[Collected data]
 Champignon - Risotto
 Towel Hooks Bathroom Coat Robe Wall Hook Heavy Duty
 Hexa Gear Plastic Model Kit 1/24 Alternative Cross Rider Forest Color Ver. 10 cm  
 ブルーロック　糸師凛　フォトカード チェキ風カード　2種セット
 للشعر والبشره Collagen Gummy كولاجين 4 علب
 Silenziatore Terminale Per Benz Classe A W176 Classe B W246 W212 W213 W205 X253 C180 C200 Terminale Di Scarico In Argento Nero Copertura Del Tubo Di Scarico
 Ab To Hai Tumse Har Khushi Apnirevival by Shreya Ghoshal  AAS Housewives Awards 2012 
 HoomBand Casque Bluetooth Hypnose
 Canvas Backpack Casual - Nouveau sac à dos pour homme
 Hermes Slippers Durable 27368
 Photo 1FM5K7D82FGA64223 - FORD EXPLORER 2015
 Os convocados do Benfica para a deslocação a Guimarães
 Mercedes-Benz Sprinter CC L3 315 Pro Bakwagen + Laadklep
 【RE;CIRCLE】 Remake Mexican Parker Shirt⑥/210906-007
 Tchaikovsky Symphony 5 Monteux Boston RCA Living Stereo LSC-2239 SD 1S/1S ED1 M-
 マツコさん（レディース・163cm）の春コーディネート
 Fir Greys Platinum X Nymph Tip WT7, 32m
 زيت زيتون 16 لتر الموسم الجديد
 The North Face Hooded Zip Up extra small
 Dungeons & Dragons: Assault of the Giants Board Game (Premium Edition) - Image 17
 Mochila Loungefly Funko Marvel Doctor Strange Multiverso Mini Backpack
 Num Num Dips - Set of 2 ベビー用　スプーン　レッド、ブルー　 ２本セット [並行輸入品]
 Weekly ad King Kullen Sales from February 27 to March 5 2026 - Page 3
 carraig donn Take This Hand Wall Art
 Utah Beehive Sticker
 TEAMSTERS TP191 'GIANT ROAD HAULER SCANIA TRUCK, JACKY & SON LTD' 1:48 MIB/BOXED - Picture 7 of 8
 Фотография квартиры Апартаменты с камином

WORK TASK:
Among the entries above, copy exactly only the lines starting with the one containing "Hermes Slippers Durable 27368" and going through the one containing "زيت زيتون 16 لتر الموسم الجديد", both ends included.

ANSWER SECTION:
 Hermes Slippers Durable 27368
 Photo 1FM5K7D82FGA64223 - FORD EXPLORER 2015
 Os convocados do Benfica para a deslocação a Guimarães
 Mercedes-Benz Sprinter CC L3 315 Pro Bakwagen + Laadklep
 【RE;CIRCLE】 Remake Mexican Parker Shirt⑥/210906-007
 Tchaikovsky Symphony 5 Monteux Boston RCA Living Stereo LSC-2239 SD 1S/1S ED1 M-
 マツコさん（レディース・163cm）の春コーディネート
 Fir Greys Platinum X Nymph Tip WT7, 32m
 زيت زيتون 16 لتر الموسم الجديد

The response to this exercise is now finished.